ワールドの24年2月期第3四半期決算は、売上収益が約1654億円(前年同期比5.1%増)、税引前利益が約140億円(同26.5%増)で、こちらも好調をキープしている。既存店売上は23年12月まで22カ月連続で前年超過を達成するなど、成長が続く。
決算短信によれば、好調の要因として「今まで以上にお客様とのより強いつながりを構築するため、マルチチャネル化やOMO(Online Merges with Offline、オンラインとオフラインの融合)戦略を推進することで、新たな機会を通じた関係構築へ積極的に取り組んでおります。このほか、世界的な物価上昇や円安の為替動向に左右されないよう、自社工場体制を生かした国内生産への回帰も着々と進めております」と述べ、顧客との接点強化や国内生産へのシフトなど、事業再構築の成果が出てきた旨が記されている。
ワールドのマルチチャネル化で成果が上っているのが、百貨店ブランド「TAKEO KIKUCHI(タケオキクチ)」。全国に113店あるタケオキクチだが、百貨店からショッピングセンター(SC)に販売チャネルを拡大中だ。
SCでは「ららぽーとTOKYO-BAY」(千葉県船橋市)、「ららぽーと海老名」(神奈川県海老名市)、「MARK IS みなとみらい」(横浜市)、「アミュプラザ長崎」(長崎市)などに出店し、いずれも好調という。百貨店より顧客単価は安いが、ファッションビル向けジーニングカジュアルの姉妹ブランド「tk.TAKEO KIKUCHI」の商品を意図的に取り込んだり、カバン・財布など雑貨を強化したりするなど、売り場を工夫して販売数の増加分でカバーしている。
地方では、SCに押されて百貨店の閉店が相次いでいる。今年に入ってからも、1月14日に島根県唯一の百貨店だった、松江市の一畑百貨店が閉店。1月31日にも愛知県一宮市の名鉄百貨店一宮店が閉店。愛知県は名古屋市以外で百貨店が成り立ちにくくなっている。他のブランドも横展開しながらSCへとシフトしていく戦略だ。

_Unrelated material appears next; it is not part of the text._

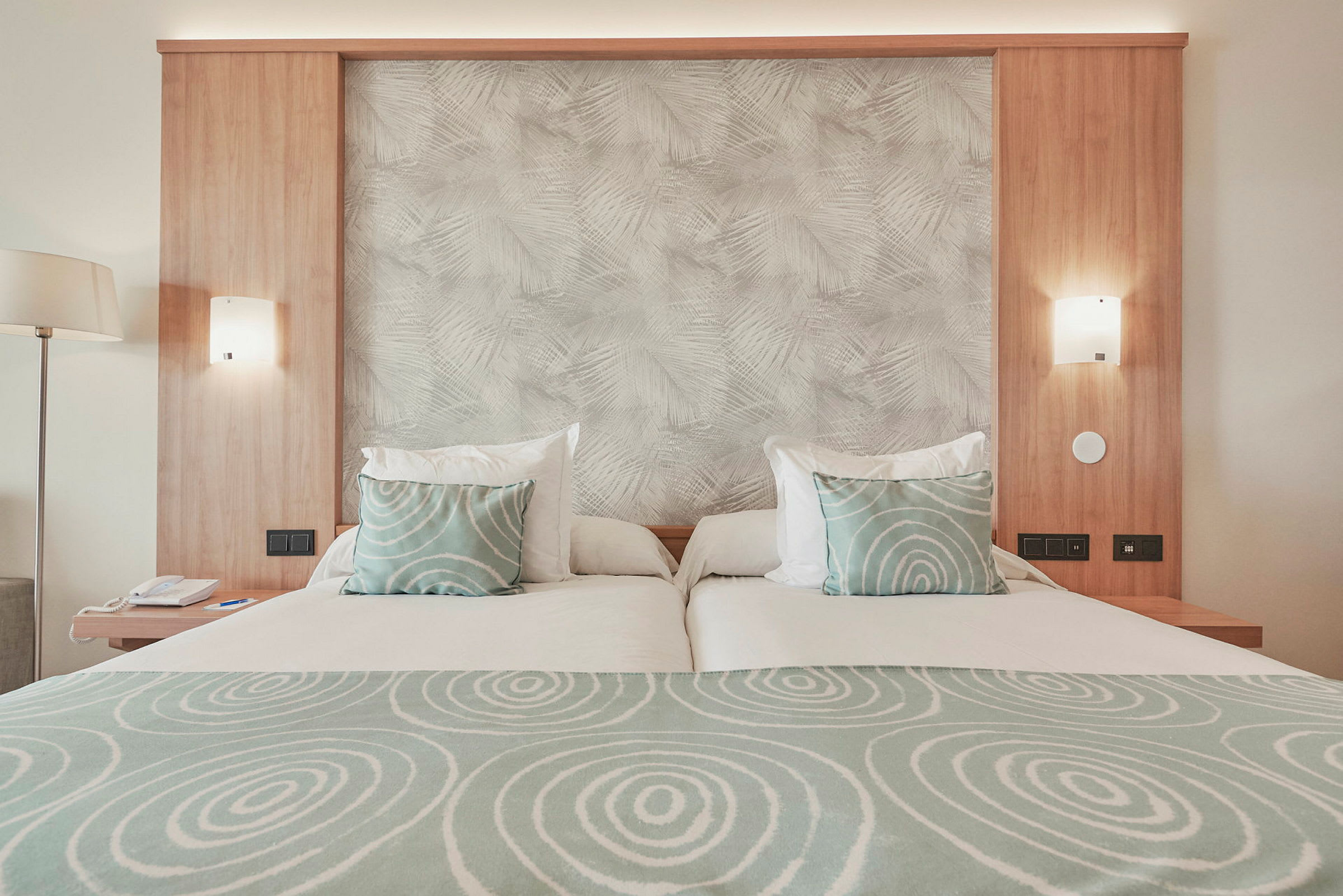 Hotellseng med lys trepanel, grønne puter med sirkelmønster og matchende sengetøy. (AI-generert tekst)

オンワードホールディングスの24年2月期第3四半期決算も、売上高が約1413億円(同8.4%増)、経常利益約90億円(92.7%増)と、やはり好調である。決算短信によれば「商品マーチャンダイジングを柔軟に行ったことに加え『クリック&トライ』サービスを導入したOMO型店舗の運営力が一層向上した」と、同社も事業の再構築が奏功した。

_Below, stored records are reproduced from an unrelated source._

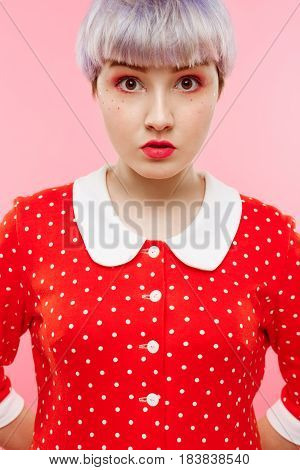 Close up portrait of beautiful dollish girl with short light violet hair wearing red dress over pink background. Copy space.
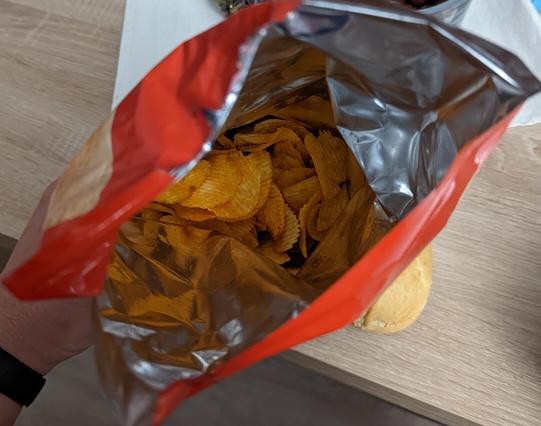 Eine frisch geöffnete Tüte Paprikachips, die mehr Luft als Chips enthält.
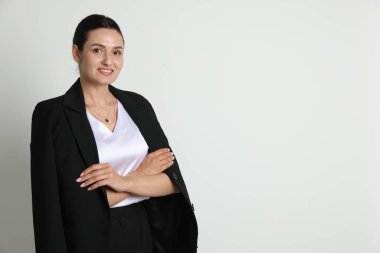 Hafif arka planda takım elbiseli kendine güvenen bir iş kadını. Metin için boşluk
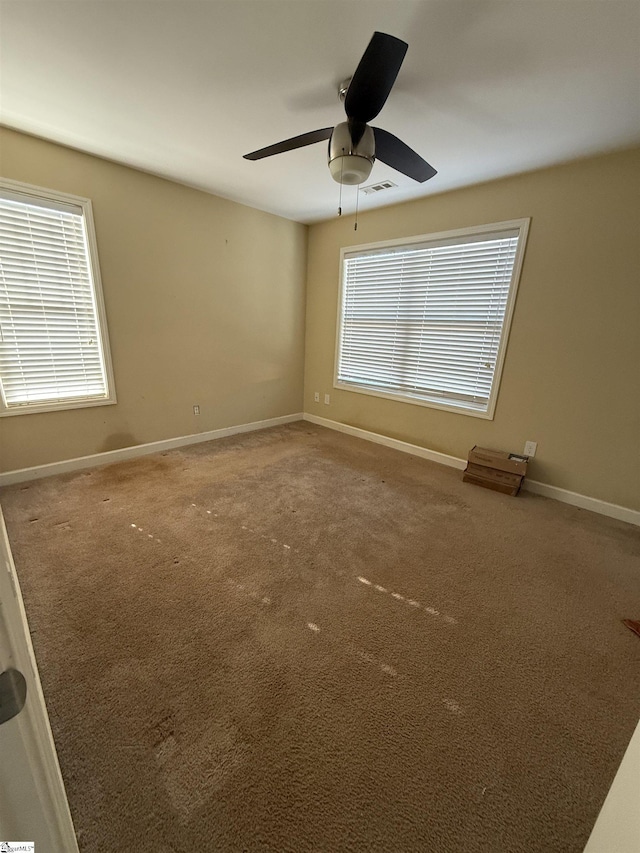 unfurnished room with ceiling fan and carpet floors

柔軟なマーチャンダイジングというのは、例えば暖冬ならウールコートはあまり売れないが、カーディガンなら売れる。こうした状況を見て、フレキシブルに品ぞろえしていくことを指す。
また同社では20年2月から、ABEJA(東京都港区)の「ABEJA insight for Retail」という顧客分析サービスを活用。「any FAM(エニィ ファム)」「any SiS(エニィ スィス)」「Feroux(フェルゥ)」の3ブランド・旗艦店4店の顧客分析を始めた。